Bakal UU Pangan tanpa Terminologi 'Halal'

Rep: Muhammad Iqbal/ Red: Dewi Mardiani
Logo Halal
Logo Halal

REPUBLIKA.CO.ID, JAKARTA -- Dinamika pembahasan RUU Pangan yang merupakan revisi dari Undang-Undang Nomor 7 Tahun 1996 tentang Pangan sempat memunculkan perdebatan antarfraksi di Komisi IV DPR. Perdebatan itu terkait terminologi 'halal' dalam pengertian ketahanan pangan. 

Ada definisi ketahanan pangan dalam RUU Pangan versi Fraksi PPP yang ditolak oleh PDIP. Definisi itu menyatakan, ketahanan pangan adalah kondisi terpenuhinya pangan bagi negara sampai dengan perseorangan yang tercermin dari tersedianya pangan yang cukup baik jumlah maupun mutunya, aman, beragam, bergizi, merata dan terjangkau serta “halal sesuai dengan yang dipersyaratkan” dan sesuai dengan keyakinan dan budaya masyarakat.

Kala itu, Fraksi PPP dan Fraksi PDIP sama-sama bersikukuh dengan sikapnya terhadap terminologi tersebut.
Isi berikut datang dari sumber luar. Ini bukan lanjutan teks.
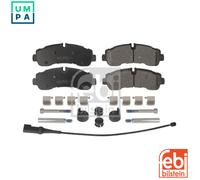 FEBI BILSTEIN 186434 Brake pad set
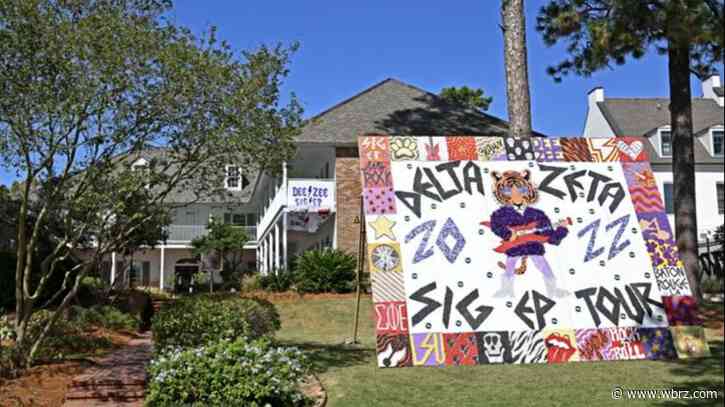 Former chef sues LSU sorority, claims food coordinator wanted a 'White chef'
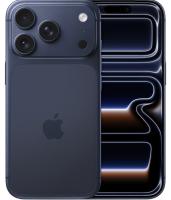 iPhone 17 Pro 256Gb Deep Blue (глубокий синий)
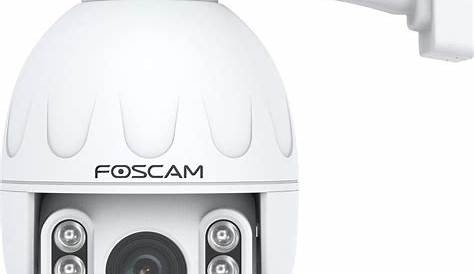 Foscam SD2 bewakingscamera IP-beveiligingscamera Binnen & buiten Dome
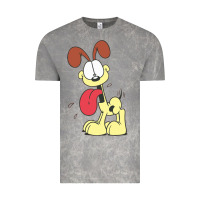 Cloud Rock odie the dog gift Vintage Tee - DesignPulse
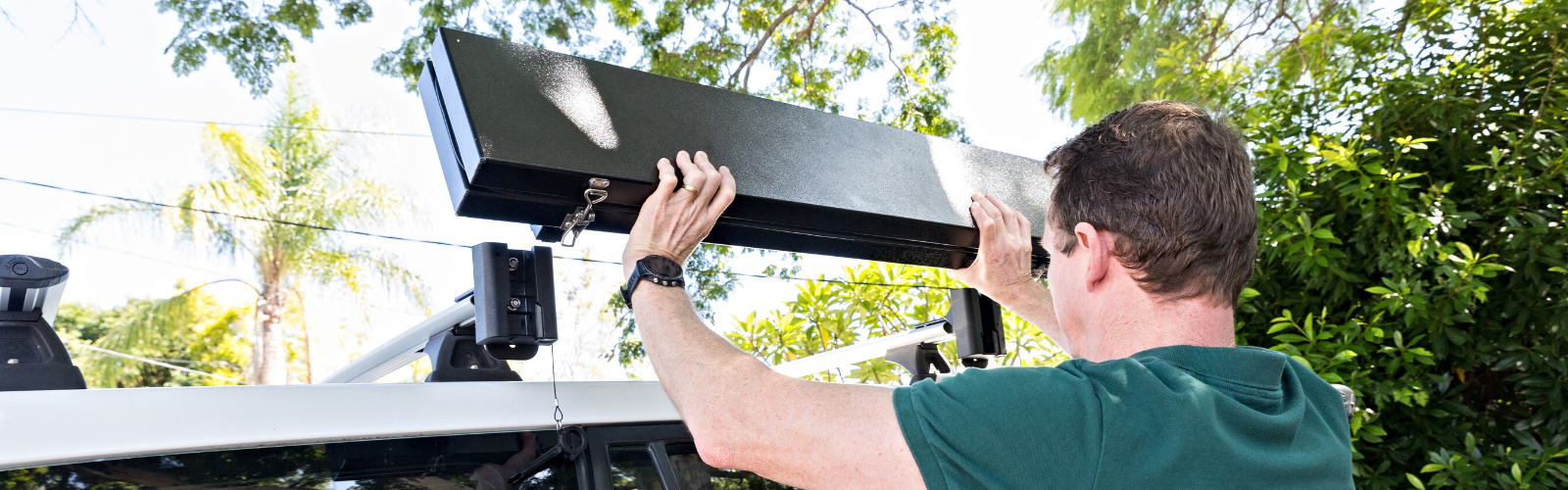 Transform your shower fast on fast off, easy! RacksBrax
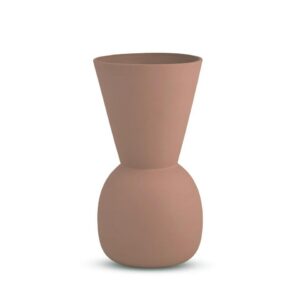 Cloud Bell Vase Ochre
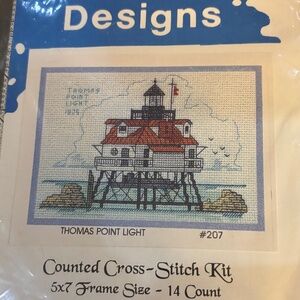 Counted Cross Stitch kit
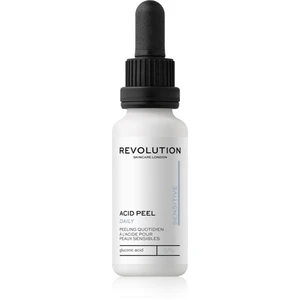 Revolution Skincare Pleťový peeling pre mastnú pleť Skincare Acid Peel (Peeling Solution) 30 ml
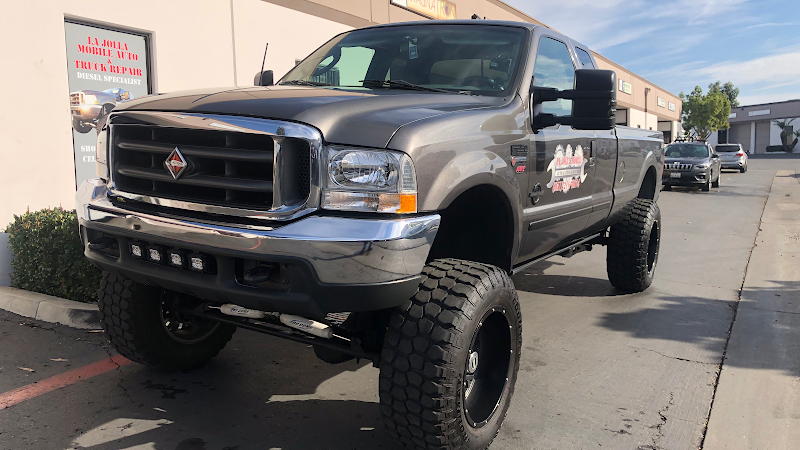 La Jolla Mobile Auto & Truck Repair 1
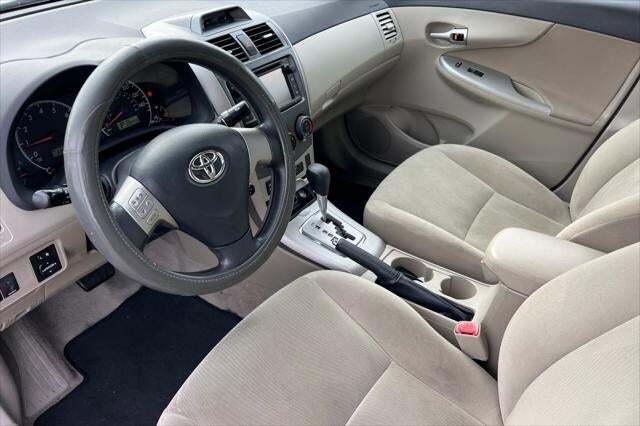 2013 Toyota Corolla LE Roseville CA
Fraksi PPP ingin mencantumkan terminologi 'halal sesuai dengan yang dipersyaratkan'.  Sedangkan Fraksi PDIP bersikeras menolak terminologi tersebut, karena mengacu pada agama dan kelompok tertentu. 

Setelah dilakukan rapat antara panitia kerja RUU Pangan dengan tokoh lintas agama per 1 Oktober 2012, polemik ini bisa terselesaikan. Puncaknya, pada rapat panitia kerja 15 Oktober 2012, panitia kerja memutuskan perubahan redaksi 'halal yang dipersyaratkan/sesuai dengan keyakinan masyarakat' menjadi 'tidak bertentangan dengan agama, keyakinan dan budaya masyarakat'.